There are instances, however, when bad publicity does equal good publicity. Jonah Berger, a marketing professor at the Wharton School, found this to be the case in a recent study conducted alongside Stanford University professors Alan Sorensen and Scott Rasmussen.

The study focused on negative publicity in particular, and the cases in which it led to an increase of interest in a product.

One area in particular where this was the case was book sales. A study of 244 New York Times book reviews found that negative reviews only hurt established authors. For up-and-coming writers, all reviews led to an increase in sales, regardless of whether or not they were positive.
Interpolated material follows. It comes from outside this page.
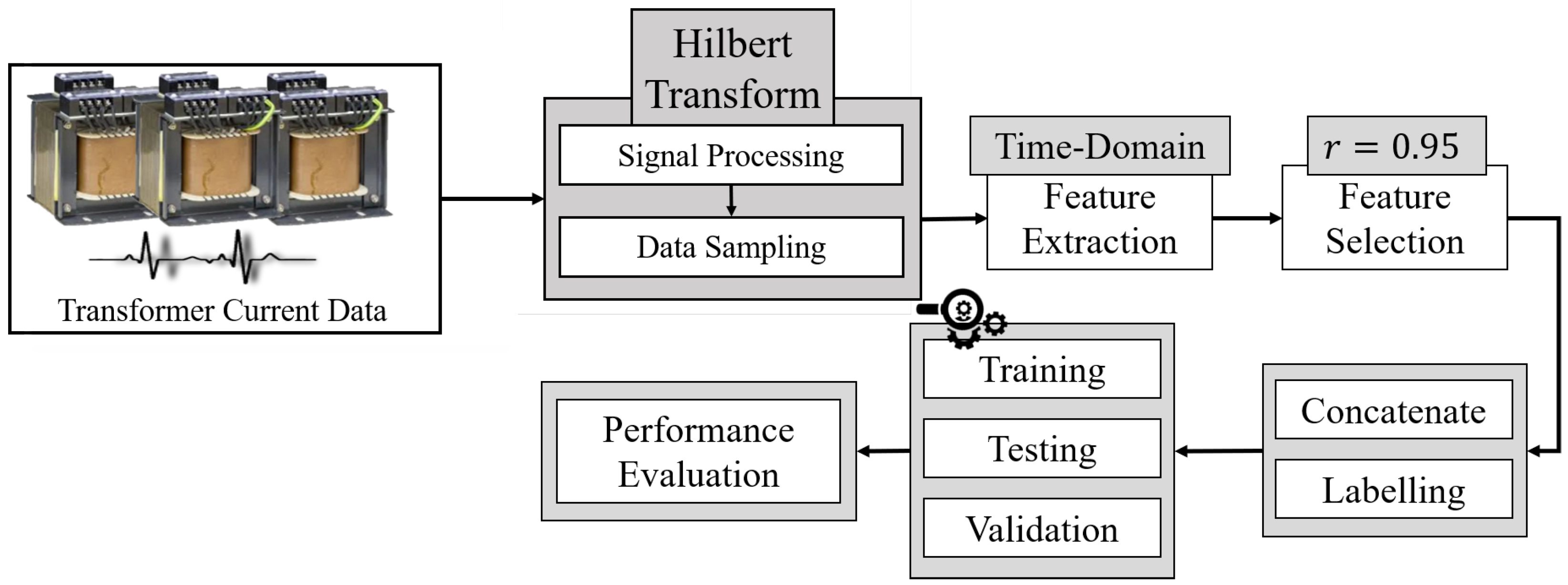 Electronics 13 00926 g001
Berger believes this is true of movies, as well.

“For a blockbuster movie that most people know about already, negative publicity is not going to increase awareness and because of that, it’s not going to increase sales,” he said. “But for an indie movie, that’s a case where negative publicity might increase awareness among the population, and because of that, it might increase sales.”

Actors themselves were found to be more resilient to negative publicity. In fact, the study showed that actor Russell Crowe’s phone-throwing incident increased audience interest in his movies.
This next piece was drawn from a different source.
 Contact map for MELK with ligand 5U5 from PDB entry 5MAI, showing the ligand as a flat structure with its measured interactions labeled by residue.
The reason for this, Berger explained, is that consumers see a separation between the actor and the cultural products he or she creates.

The same holds true for musicians. Berger specifically pointed to Michael Jackson and his findings that Jackson’s negative publicity actually increased sales of his CDs.

Jehoshua Eliashberg, a Wharton marketing professor who studies box office performance, agreed with Berger regarding Crowe, but is skeptical of the theory as it applies to situations like Mel Gibson’s.

“[Gibson’s] racism is much worse than throwing a telephone,” he said.

Recordings of Gibson’s racially charged rants leaked to the press this summer.

Though Berger believes that Gibson’s diatribes will hurt his career, he doesn’t think it dooms all his future films to failure. On the contrary, he predicted that Gibson’s presence might even help an independent film.

“If I’m a well-known product, negative publicity can hurt, so if I’m a producer or a studio or a brand, I want to be really careful about stamping out negative publicity,” he said. “If I’m an indie movie that’s not very popular, I might even want to encourage my actors to do things that may be seen as negative because it might help the movie in the long run.”